I am still confuse on when you used the T test and F test, can anyone shed some light when do I have to use the T test and the F test? Thanks

Let’s assume this linear model we are regressing: y = Bo + B1x1 + B2x2 + ei Least squares are run and we get an equation of the estimates of the predictors, B_hats. Can’t really type it out, but same equation as above, by y and B’s get a hat on them ("^"), and there error term disappears since the expected value is zero. The t-test looks at the significance of one B (with a hat). that is that null hypothesis, Ho: B1 = 0. If we reject, then that means B1 is significantly different than zero. Therefore, we would keep that factor in our model, it’s helping to explain the estimate we want, y. The F-test looks at the significance of ALL the B’s at once. that is that the null hypothersis, Ho: B1 = B2 = 0. ALL of them are equal to zero. If we reject, ALL the estimates produce a non-significant (not zero) explanation of dependent variable y_hat. In short, t-test is significance of one parameter, Beta; F-test is the entire set of B’s. Sorry if I overexplained, I tend to do that.

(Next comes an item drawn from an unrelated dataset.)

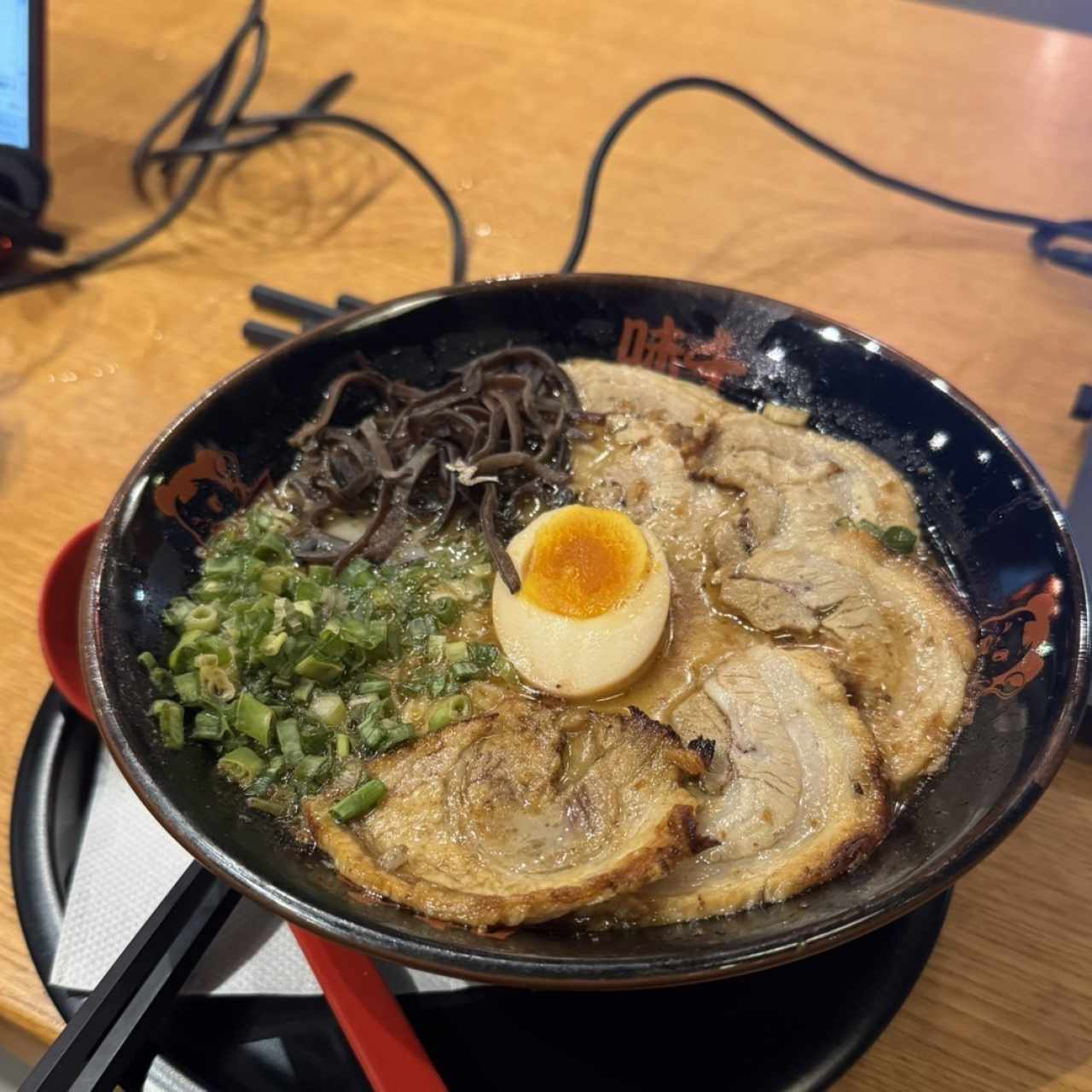 FIDEOS - TONKATSU RAMEN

T - Test - for testing individual variables. F - Test - for testing the model as a whole (whether it is significant or not)

That’s a shorter way of saying it! To be precise, though, t-test is testing parameter estimates, not variables. You use it to test equal means M1 = M2. Or B = 0 in regressions. F-test is for equal variance testing, or b1 = b2 = … = bn = 0 in regression.

The equal means / equal variance bit was new :slight_smile: Thanks.

Thanks to all who answer my question, the answer was crystal clear!